That expertise leaves much to be desired. I'm unsure whether there was a realistic way for the sponsors to attract better experts. There seems to be not enough money or prestige to attract the very best experts.
Incentives
The success of the superforecasting approach depends heavily on forecasters having decent incentives.
It's tricky to give people incentives to forecast events that will be evaluated in 2100, or evaluated after humans go extinct.
The tournament provided a fairly standard scoring rule for questions that resolve by 2030. That's a fairly safe way to get parts of the tournament to work well.
The other questions were scored by how well the forecast matched the median forecast of other participants (excluding participants that the forecasters interacted with). It's hard to tell whether that incentive helped or hurt the accuracy of the forecasts.
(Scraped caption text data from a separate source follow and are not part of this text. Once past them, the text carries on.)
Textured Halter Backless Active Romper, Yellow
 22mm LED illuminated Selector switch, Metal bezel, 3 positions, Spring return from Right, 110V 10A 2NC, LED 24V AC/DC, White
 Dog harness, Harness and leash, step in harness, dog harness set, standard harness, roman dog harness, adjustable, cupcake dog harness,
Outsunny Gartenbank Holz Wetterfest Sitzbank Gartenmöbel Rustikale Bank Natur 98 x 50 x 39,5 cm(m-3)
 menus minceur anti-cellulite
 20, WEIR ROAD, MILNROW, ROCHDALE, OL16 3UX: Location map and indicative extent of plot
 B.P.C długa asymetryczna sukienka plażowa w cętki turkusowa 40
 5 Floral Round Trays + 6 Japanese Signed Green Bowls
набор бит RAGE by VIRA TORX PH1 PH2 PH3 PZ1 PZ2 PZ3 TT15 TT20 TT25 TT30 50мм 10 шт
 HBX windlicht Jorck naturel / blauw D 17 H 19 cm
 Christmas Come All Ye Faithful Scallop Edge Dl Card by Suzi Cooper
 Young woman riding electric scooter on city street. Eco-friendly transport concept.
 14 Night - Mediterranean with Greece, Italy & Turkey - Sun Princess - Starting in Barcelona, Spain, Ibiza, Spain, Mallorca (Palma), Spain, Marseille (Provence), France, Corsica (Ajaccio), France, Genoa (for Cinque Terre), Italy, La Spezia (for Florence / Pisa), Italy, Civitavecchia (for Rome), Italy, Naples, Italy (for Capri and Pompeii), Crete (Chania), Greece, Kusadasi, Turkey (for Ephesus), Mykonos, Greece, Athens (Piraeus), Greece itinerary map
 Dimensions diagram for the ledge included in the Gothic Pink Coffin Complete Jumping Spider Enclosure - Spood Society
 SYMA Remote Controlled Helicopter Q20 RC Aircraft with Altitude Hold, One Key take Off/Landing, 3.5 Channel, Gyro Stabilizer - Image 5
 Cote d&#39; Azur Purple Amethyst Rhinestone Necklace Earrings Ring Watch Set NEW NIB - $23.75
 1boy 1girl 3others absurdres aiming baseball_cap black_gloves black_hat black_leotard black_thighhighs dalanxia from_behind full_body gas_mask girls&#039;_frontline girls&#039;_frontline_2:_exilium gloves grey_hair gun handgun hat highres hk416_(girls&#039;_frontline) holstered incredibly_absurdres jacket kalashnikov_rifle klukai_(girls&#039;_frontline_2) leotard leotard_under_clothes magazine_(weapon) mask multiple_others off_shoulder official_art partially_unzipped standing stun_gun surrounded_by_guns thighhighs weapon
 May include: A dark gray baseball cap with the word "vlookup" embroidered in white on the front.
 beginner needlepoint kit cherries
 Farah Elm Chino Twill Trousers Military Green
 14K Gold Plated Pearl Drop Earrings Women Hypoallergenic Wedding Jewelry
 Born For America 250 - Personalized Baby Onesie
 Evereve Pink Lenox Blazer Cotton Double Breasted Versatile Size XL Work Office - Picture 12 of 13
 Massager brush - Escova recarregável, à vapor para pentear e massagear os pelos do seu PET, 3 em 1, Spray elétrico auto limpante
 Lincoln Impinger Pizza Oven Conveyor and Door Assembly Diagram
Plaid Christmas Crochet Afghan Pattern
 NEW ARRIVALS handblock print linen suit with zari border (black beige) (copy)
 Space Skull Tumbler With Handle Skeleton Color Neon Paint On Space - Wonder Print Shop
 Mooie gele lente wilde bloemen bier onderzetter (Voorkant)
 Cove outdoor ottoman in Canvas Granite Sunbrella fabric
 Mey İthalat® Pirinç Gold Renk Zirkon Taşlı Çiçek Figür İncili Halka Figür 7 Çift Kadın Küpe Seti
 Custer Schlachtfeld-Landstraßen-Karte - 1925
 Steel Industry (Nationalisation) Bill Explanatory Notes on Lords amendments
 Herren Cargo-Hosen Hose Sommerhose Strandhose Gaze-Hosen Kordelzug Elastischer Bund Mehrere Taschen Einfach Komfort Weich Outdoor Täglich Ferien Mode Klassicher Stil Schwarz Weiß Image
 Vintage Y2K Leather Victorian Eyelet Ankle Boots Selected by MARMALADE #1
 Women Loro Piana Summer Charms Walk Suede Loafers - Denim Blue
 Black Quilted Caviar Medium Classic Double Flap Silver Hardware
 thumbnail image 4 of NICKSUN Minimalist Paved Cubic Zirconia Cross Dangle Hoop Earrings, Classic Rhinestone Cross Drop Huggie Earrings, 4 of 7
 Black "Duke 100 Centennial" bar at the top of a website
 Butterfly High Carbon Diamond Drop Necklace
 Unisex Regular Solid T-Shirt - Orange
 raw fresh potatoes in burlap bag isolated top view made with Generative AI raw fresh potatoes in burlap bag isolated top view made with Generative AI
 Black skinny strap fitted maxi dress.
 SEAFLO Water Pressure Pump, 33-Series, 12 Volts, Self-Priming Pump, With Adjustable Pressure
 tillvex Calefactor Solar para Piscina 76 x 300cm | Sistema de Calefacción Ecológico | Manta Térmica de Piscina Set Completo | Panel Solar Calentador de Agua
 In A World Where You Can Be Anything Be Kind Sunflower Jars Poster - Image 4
It's easy to imagine that it discouraged forecasters from relying on evidence that is hard to articulate, or hard to verify. It provided an incentive for groupthink. But the overall incentives were weak enough that altruistic pursuit of accuracy might have prevailed. Or ideological dogmatism might have prevailed. It will take time before we have even weak evidence as to which was the case.
One incentive that occurred to me toward the end of the tournament was the possibility of getting a verified longterm forecasting track record. Suppose that in 2050 they redo the scores based on evidence available then, and I score in the top 10% of tournament participants. That would likely mean that I'm one of maybe a dozen people in the world with a good track record for forecasting 28 years into the future. I can imagine that being valuable enough for someone to revive me from cryonic suspension when I'd otherwise be forgotten.
There were some sort of rewards for writing comments that influenced other participants. I didn't pay much attention to those.
Quality of the Questions
There were many questions loosely related to AGI timelines, none of them quite satisfying my desire for something closely related to extinction risk that could be scored before it's too late to avoid the risk.
One question was based on a Metaculus forecast for an advanced AI. It seems to represent clear progress toward the kind of AGI that could cause dramatic changes. But I expect important disagreements over how much progress it represents: what scale should we use to decide how close such an AI is to a dangerous AI? does the Turing test use judges who have expertise in finding the AI's weaknesses?
Another question was about when Nick Bostrom will decide that an AGI exists. Or if he doesn't say anything clear, then a panel of experts will guess what Bostrom would say. That's pretty close to a good question to forecast. Can we assume tha...